Despite that decline, shares of Tata Motors (TTM) still sell for 26 times trailing 12-month earnings per share. That compares with a trailing 12-month price/earnings ratio for Ford Motor (F) of 8.3. India’s Infosys (INFY) trades at a trailing P/E of 30; in the United States, Oracle (ORCL) trades at a trailing P/E of 21.

From a long-term point of view, however, I think the answer to whether Indian stocks are undervalued is "yes." At least that’s the perspective that I came back with after my recent visit there. While the Indian stock market as it now exists isn’t a particular bargain, the emerging Indian stock market is. Let me try to explain.

It’s easy to understand why Western investors, especially Western investors who actually have been to India recently, should be so cool to the country as an investment option.
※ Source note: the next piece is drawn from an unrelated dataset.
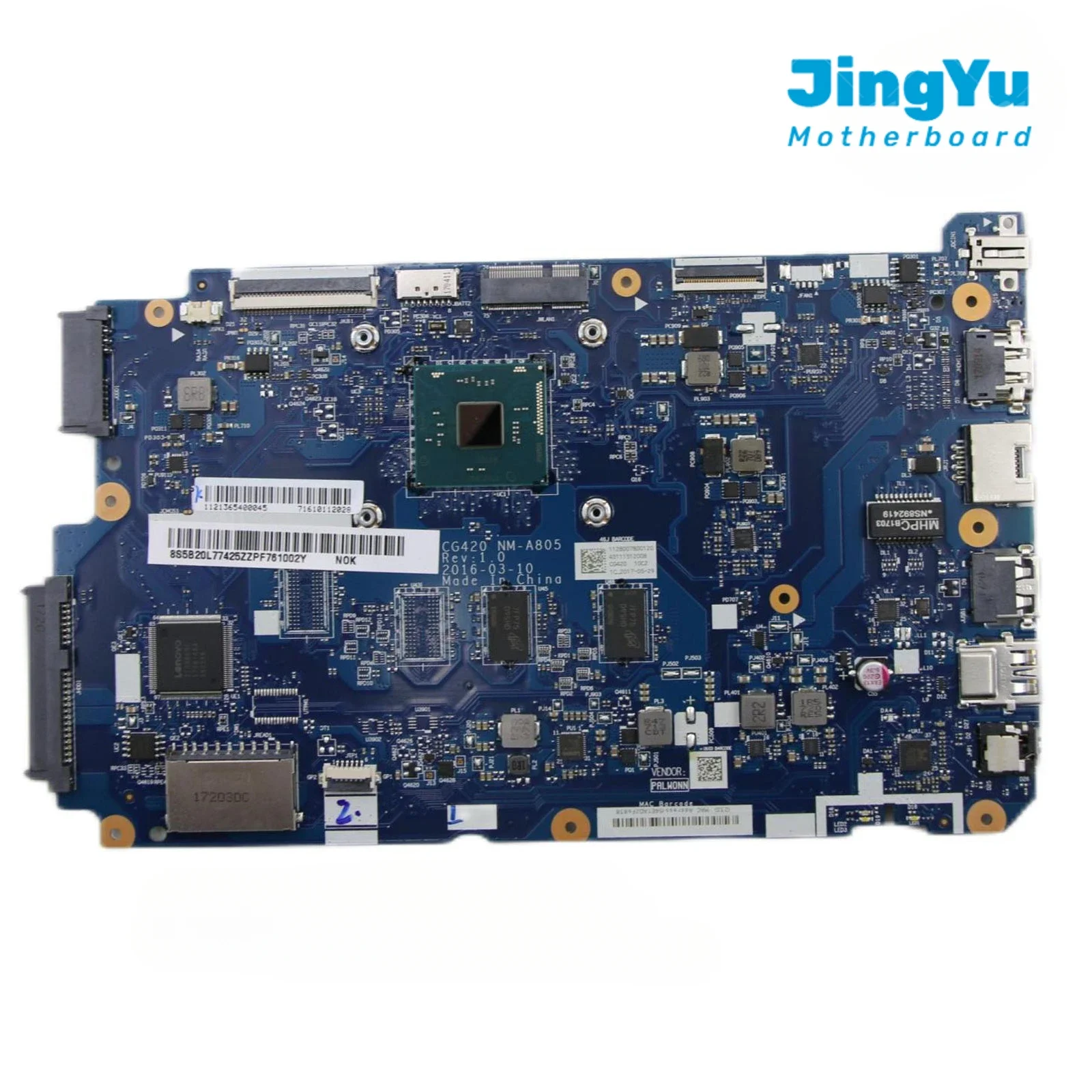 For Lenovo IdeaPad 110-14IBR Laptop Motherboard NM-A805 Mainboard with CPU N3160 RAM 2G 100% Tested Ok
Its economy struggles to stay afloat in a tidal wave of bureaucracy. (I still don’t have a clue why my wife had to supply our marriage certificate in order to get a visa.)

Hopes were high that Prime Minister Manmohan Singh would use his second term to:

  • reform the country’s rules on foreign investment
  • remove layers of subsidies that stifle efficiency in sectors such as food production and transportation
  • overhaul the country’s education system

But those hopes have been dashed by a wave of scandal that has left the government focused on little beyond its own survival.

NEXT: You May Not Like Chaos…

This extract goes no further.